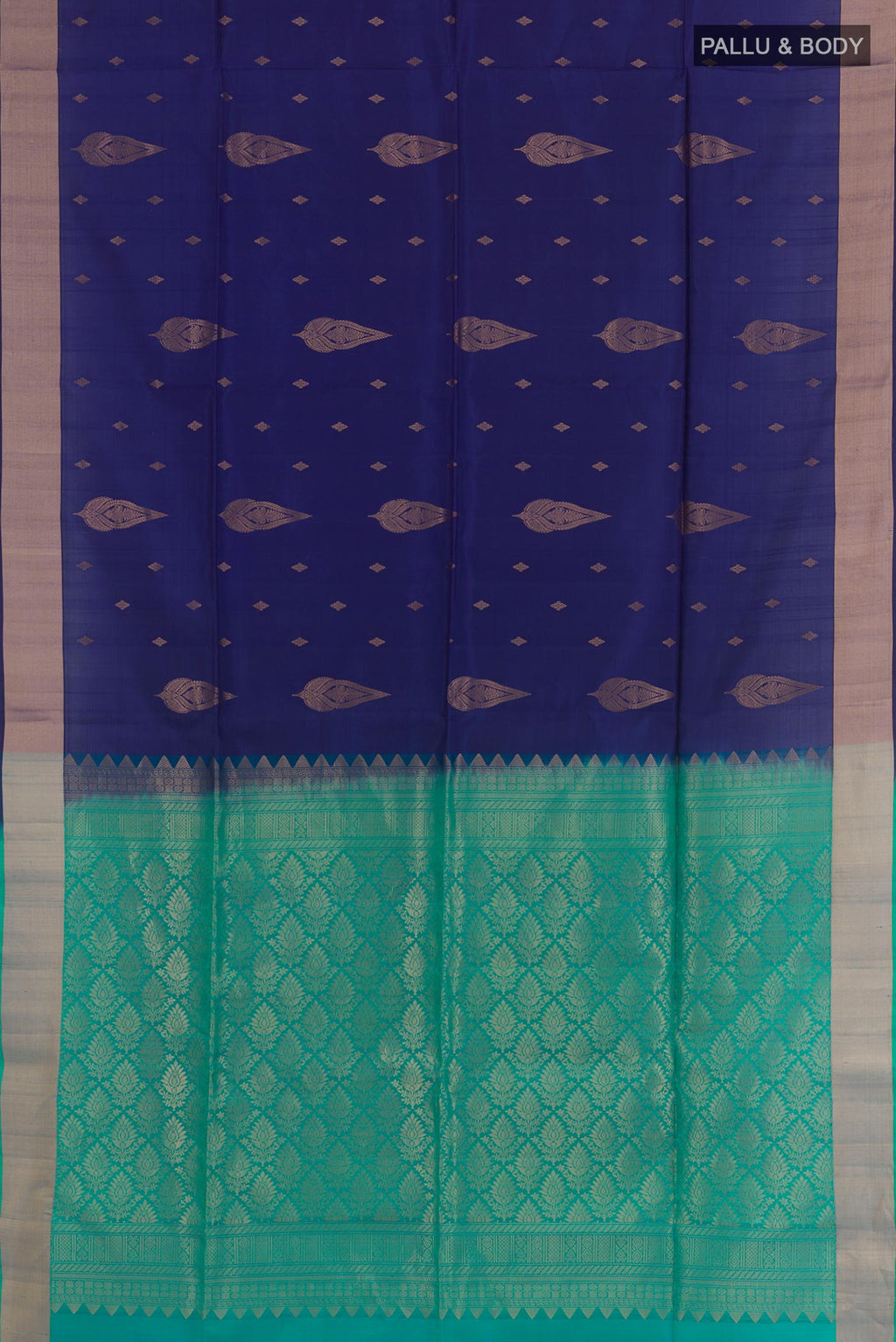 Flat view of Blue Soft Silk Saree with Zari Butta on the body and Zari Border. 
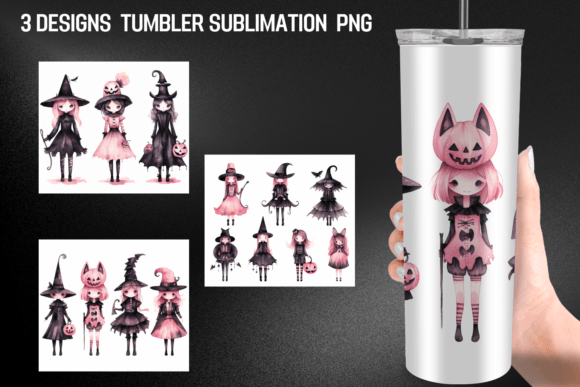 Halloween Black Pink Tumbler Wrap Sublim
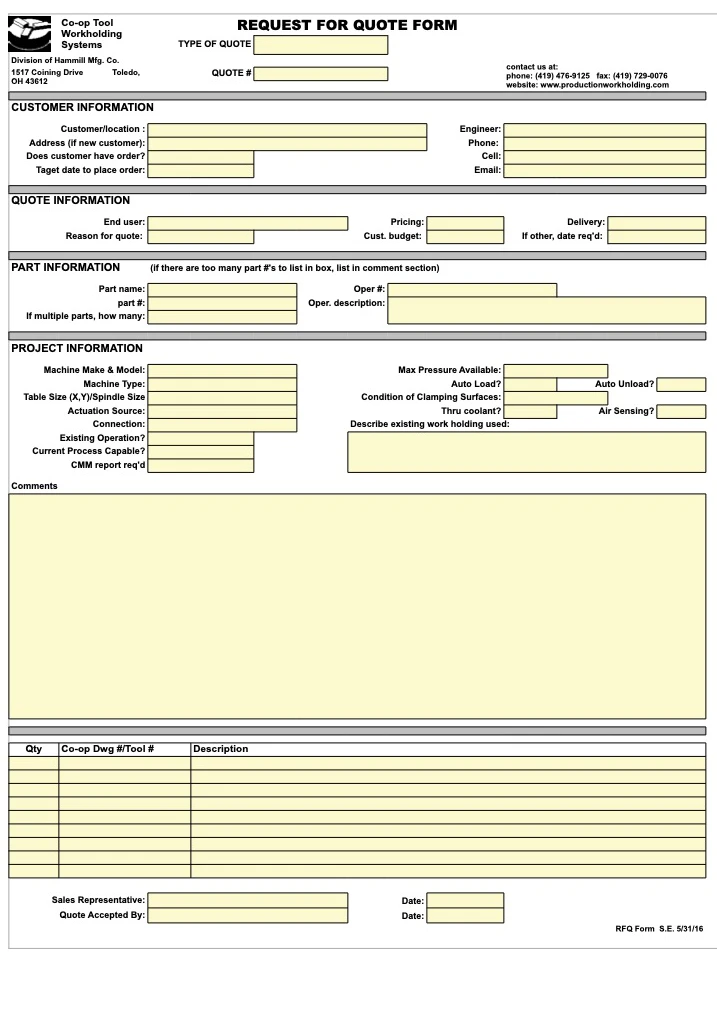 quote RFQ form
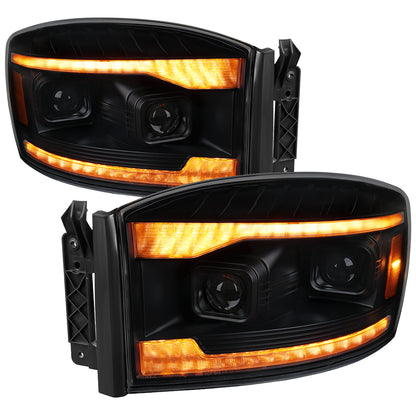 2006â€“2008 Dodge RAM 1500 / 2006â€“2009 RAM 2500 3500 Projector Headlights with Switchback Amber LED Strips, Sequential Turn Signals, DRL & Startup Animation (Black Housing / Smoked Lens)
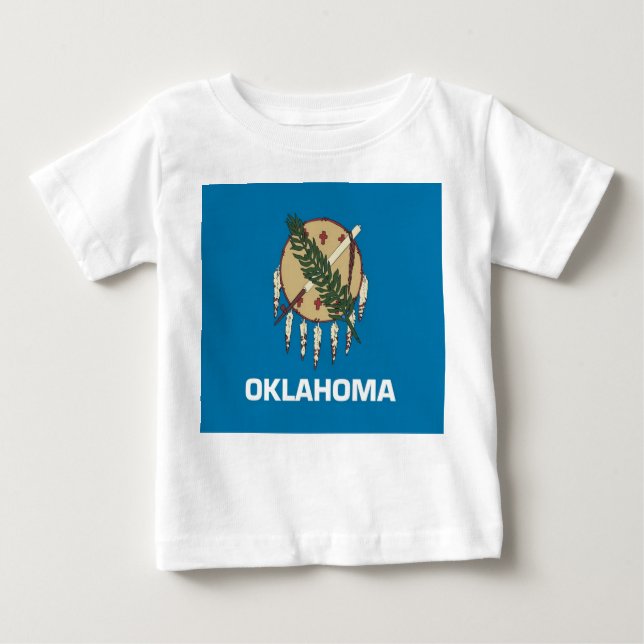Baby T Shirt with Flag of Oklahoma (Front)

- WHAT THE TASK REQUIRES: Down to the last line, print the material exactly, but not its pictures.

- SOLVED EXERCISE:
 Flat view of Blue Soft Silk Saree with Zari Butta on the body and Zari Border. 
 Halloween Black Pink Tumbler Wrap Sublim
 quote RFQ form
 2006â€“2008 Dodge RAM 1500 / 2006â€“2009 RAM 2500 3500 Projector Headlights with Switchback Amber LED Strips, Sequential Turn Signals, DRL & Startup Animation (Black Housing / Smoked Lens)
Baby T Shirt with Flag of Oklahoma (Front)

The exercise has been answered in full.